The phantom tenant isn’t a full-blown Office 365 tenant because it is limited in many respects. Apart from restricted numbers, there’s none of the management tools you get inside Office 365 like the Teams and Skype for Business Online Admin Center. You can’t connect PowerShell to the tenant to manage the free version of Teams either, and the free version hides many of the enterprise features like audit logging, support for retention policies, classifications, and capture of compliance records.

If you elect to upgrade a free Teams tenant to the enterprise version, Microsoft has some behind-the-scenes bit-swapping to do to enable all the enterprise features. Initially, Microsoft says that they’ll take care of upgrades for customers and later, when they have the details sorted, they’ll pass this work on to partners.

SharePoint Storage

Free Teams tenants get 10 GB of SharePoint Online storage to store files for channels, and every user in the tenant gets 2 GB of OneDrive for Business storage to share files in personal chats. Taken together, a 300-user free tenant gets 610 GB of free file storage but can buy more form Microsoft if needed. You can’t access SharePoint team sites or OneDrive accounts from Teams in the same way that you can in the enterprise version.
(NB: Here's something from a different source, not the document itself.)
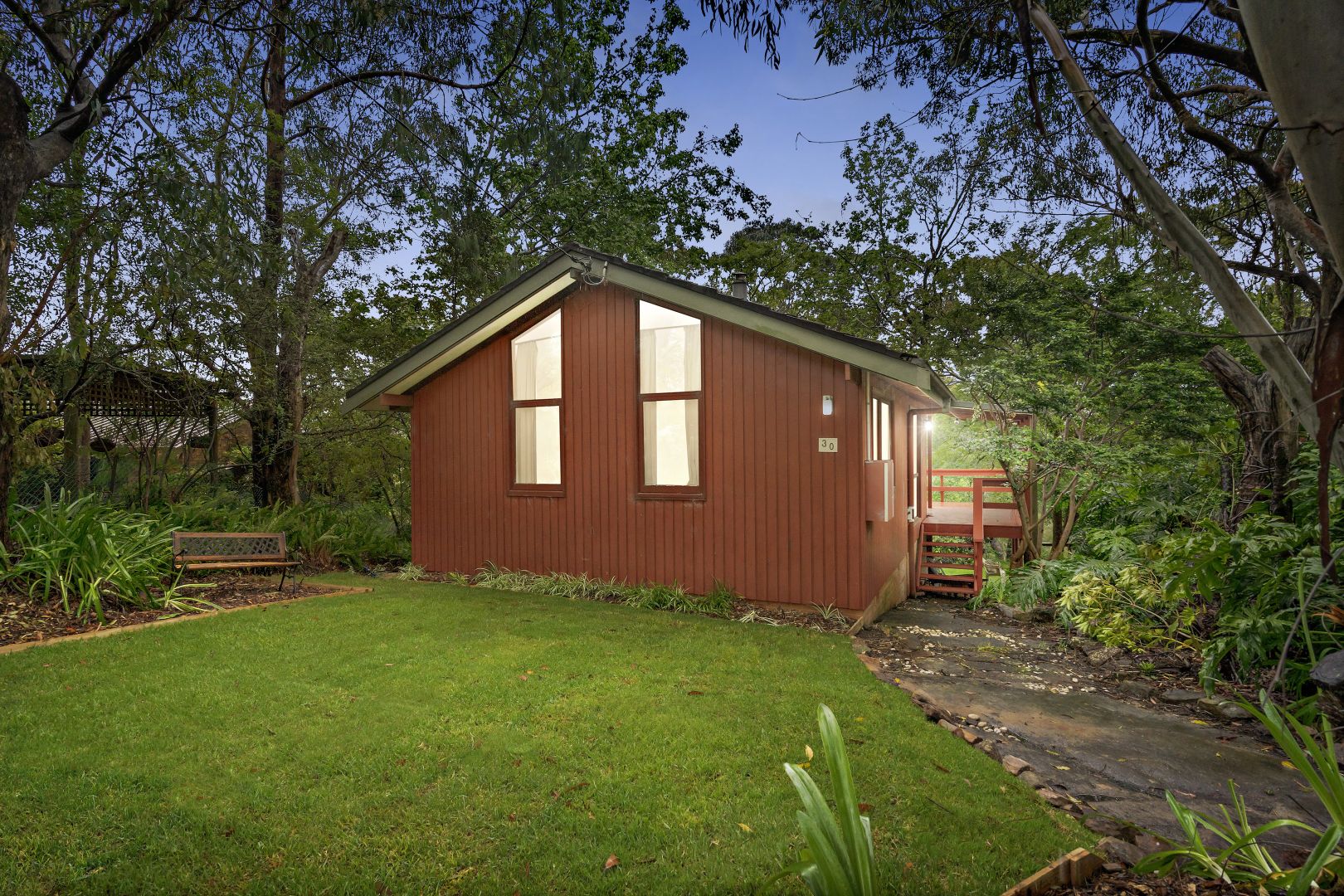 30 Martin Place, Faulconbridge Property History & Address Research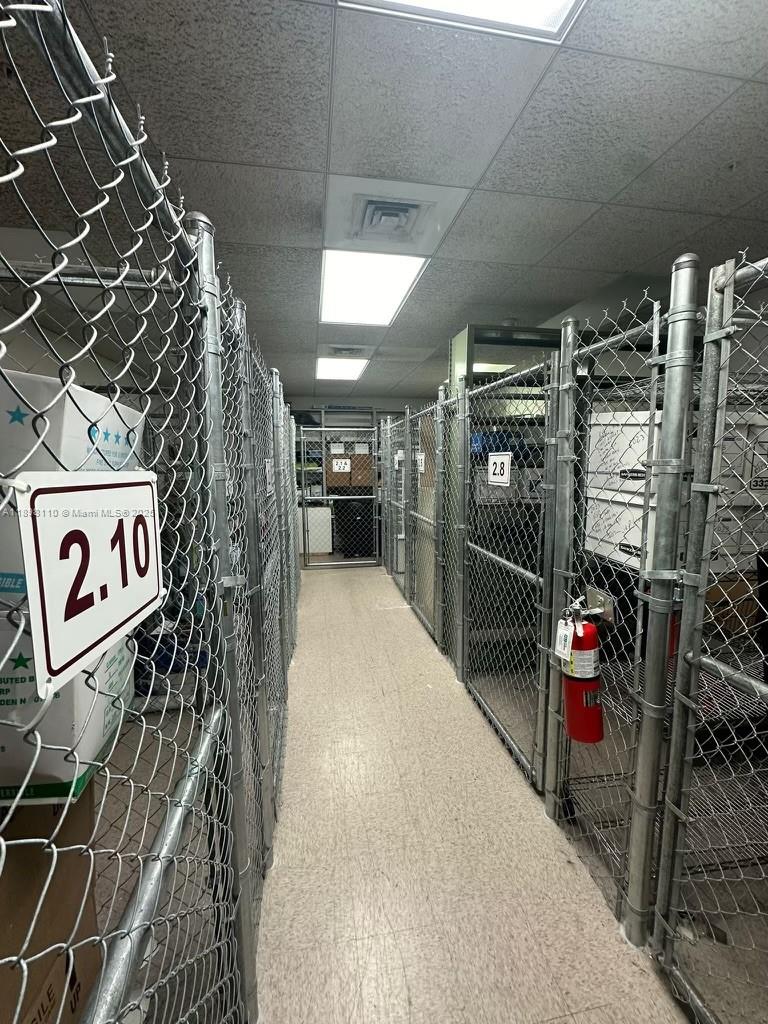 See details 201 / sq. ft. $ 2025-10-17 0 Photo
Everything goes through the Teams UI for Files.

That is, unless you remember that free Teams uses Office 365 in the background. As pointed out above, we can discover the Office 365 tenant name. With that information, we can access the SharePoint home page. In my case, it’s https://ra439.sharepoint.com/_layouts/15/sharepoint.aspx

Note: Microsoft subsequently limited access to SharePoint for free tenants. You can still open SharePoint in a browser, but you’ll be redirected to the team site. 
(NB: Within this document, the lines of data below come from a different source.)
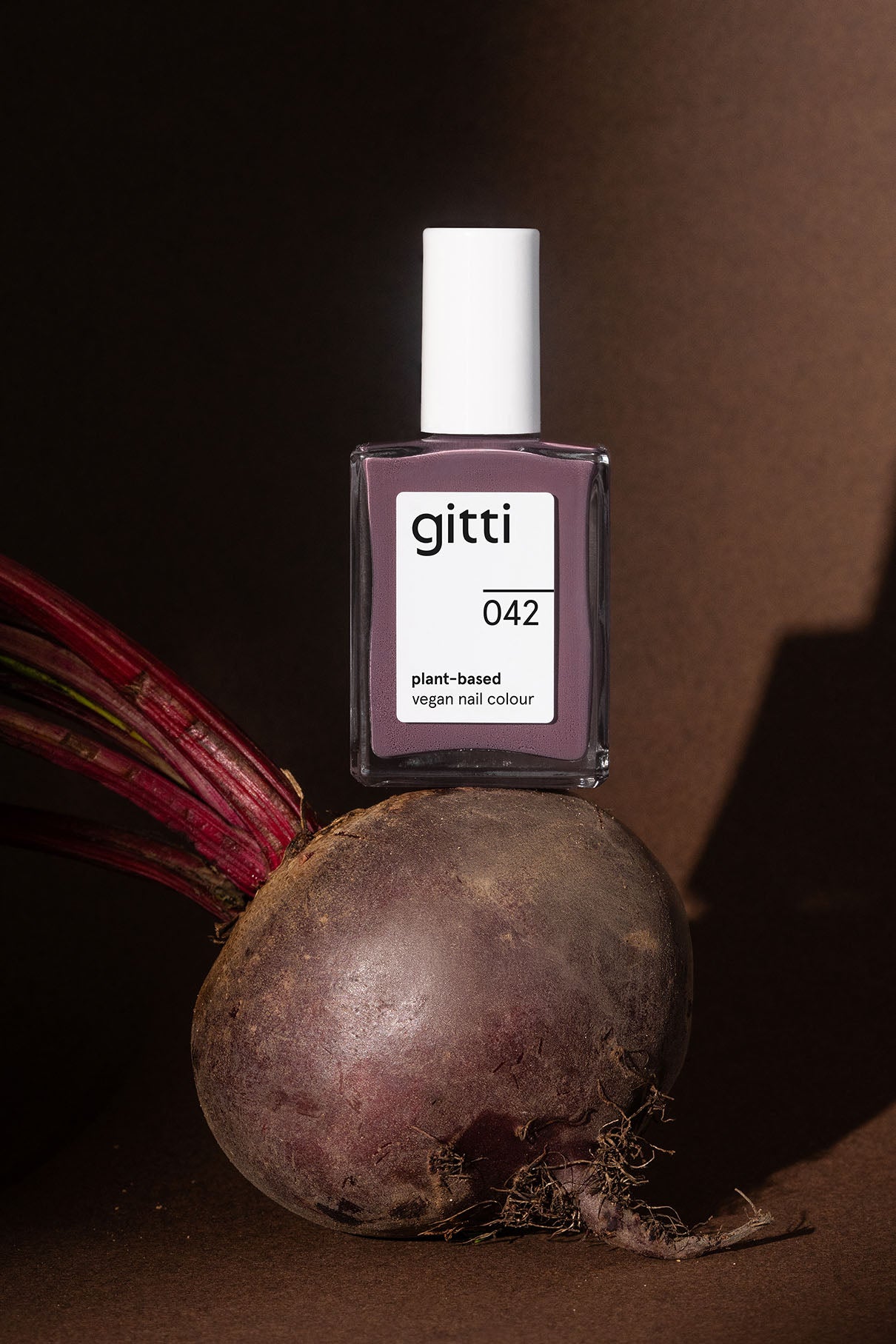 gitti-no-042-plant-based-nagellack-grau-violett-rauchig image 7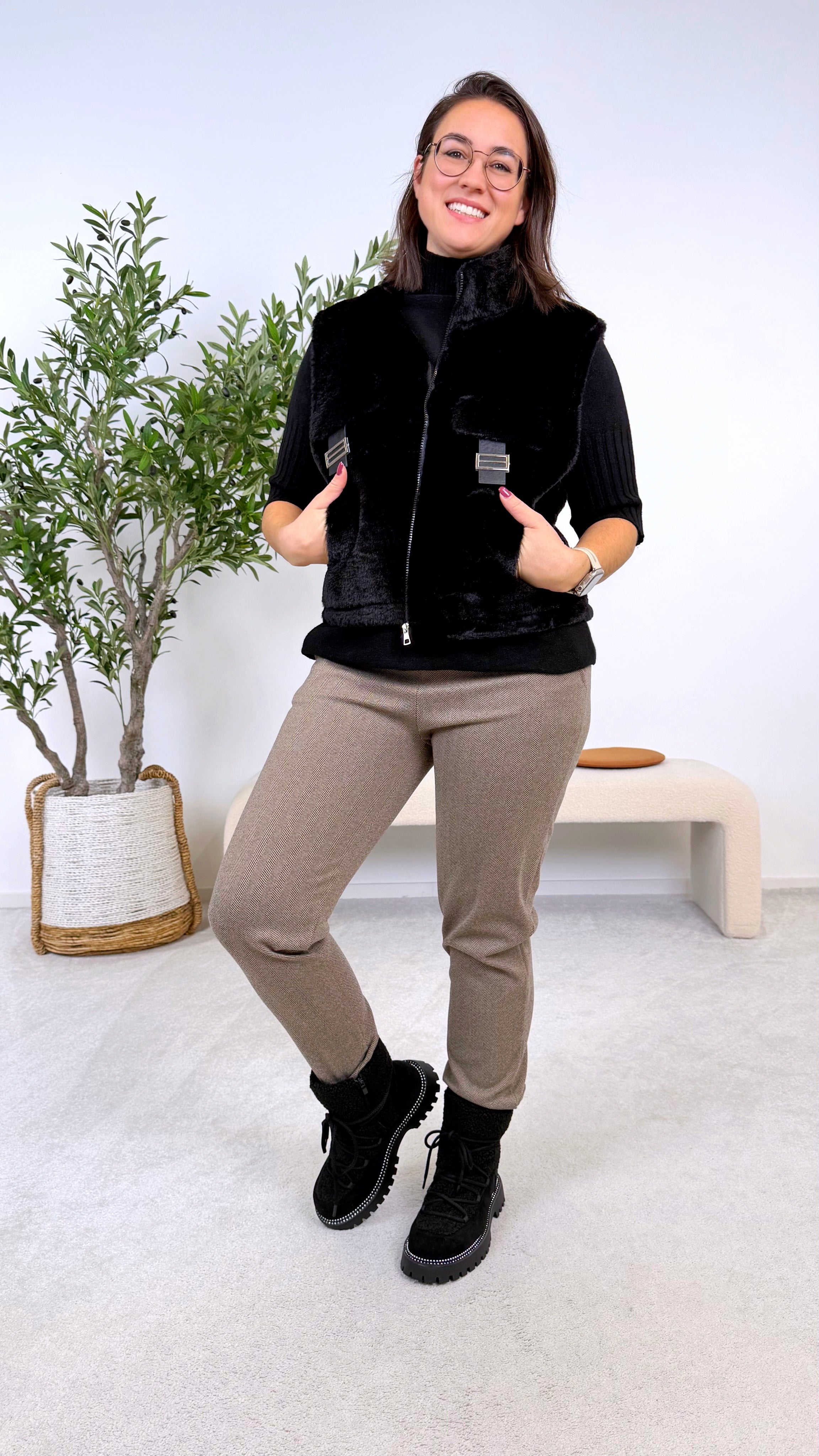 Kurze Fellweste Arden Cozy  *Schwarz*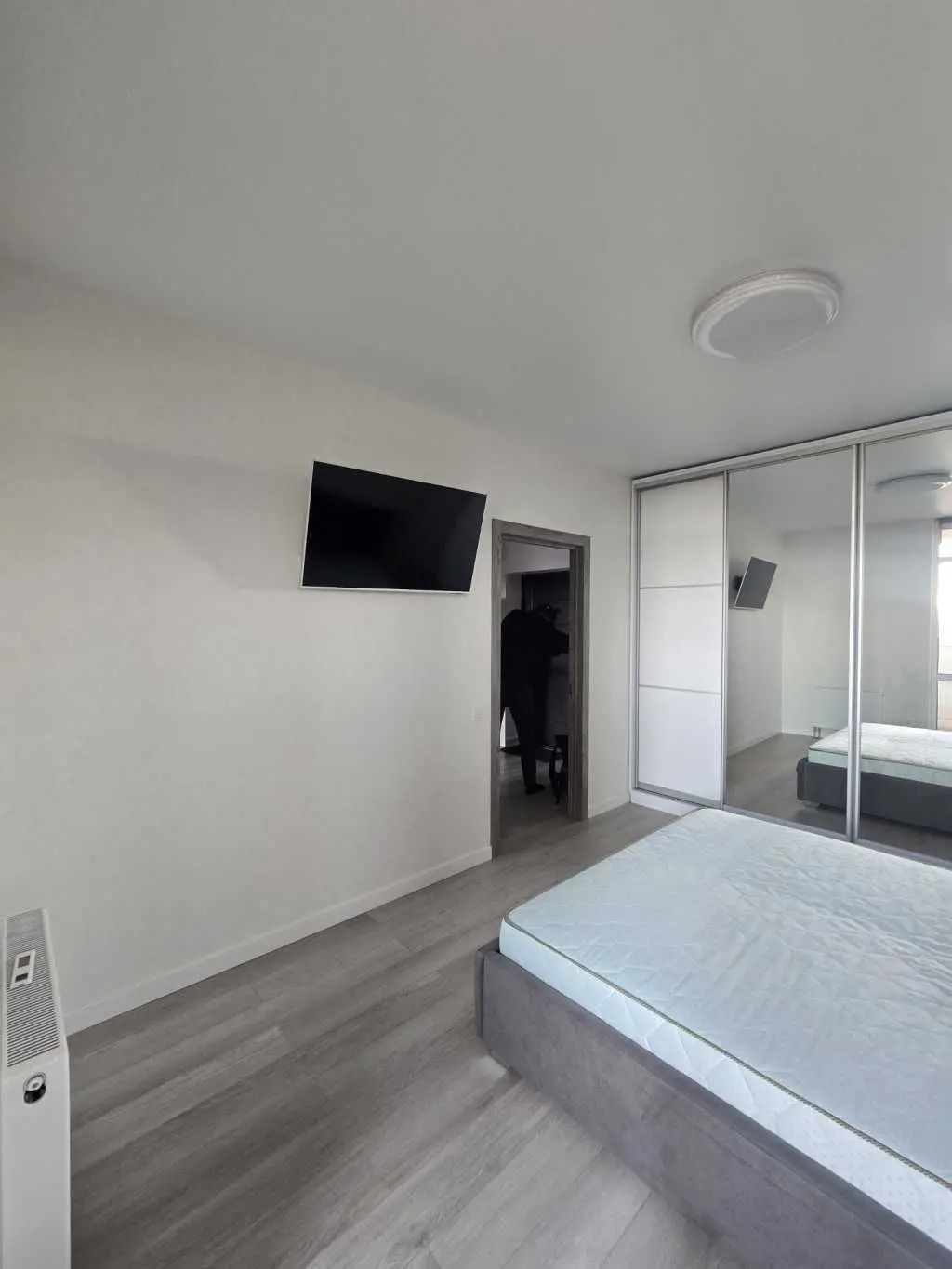Фото Selling a 1-room apartment, 41 sq.m., Akademika Zabolotnoho Street  Kyiv, price: 88000 USD, code 9292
Good App Support for a Freebie

Microsoft has driven hard to convince third-party developers to publish their apps for Teams, and a wide range (Microsoft says over 140) of apps and bots are available for both the free and enterprise versions. What’s missing from the free version are the Microsoft apps like Planner and Stream that don’t support the infrastructure built to support the free tenants.

This shouldn’t be a problem because the organizations that want to use a free version are unlikely to miss the chance to plan their way to happiness or capture meetings in Stream. In fact, meetings are limited to ad-hoc gatherings organized through chats because of the lack of an Exchange Online mailbox as used by the enterprise version.

Audio and Video

Meetings can use the audio and video features of Teams to gather people together but lack the enterprise-focused Microsoft Phone System features like PSTN calling that are rapidly appearing in the enterprise version as Microsoft executes its plan to move Skype for Business Online users to Teams.

Cold Winds for Slack

There’s not much joy here for Slack. It was difficult enough to compete with the paid version of Teams when Microsoft bunded it into Office 365 business and enterprise plans. Tenants in the U.S. Government Cloud (GCC) get to use Teams from July 17, albeit with modifications for the enterprise version because some components (like Stream) are not yet qualified for GCC.

Now Microsoft has free Teams to compete with free Slack. Microsoft says that the combination of functionality and storage available in free Teams is superior to that offered by free Slack. I suggest you test both and then make up your mind. But what’s clear is that the free version of Teams gives users lots of functionality for nothing, and you’ve got to like that.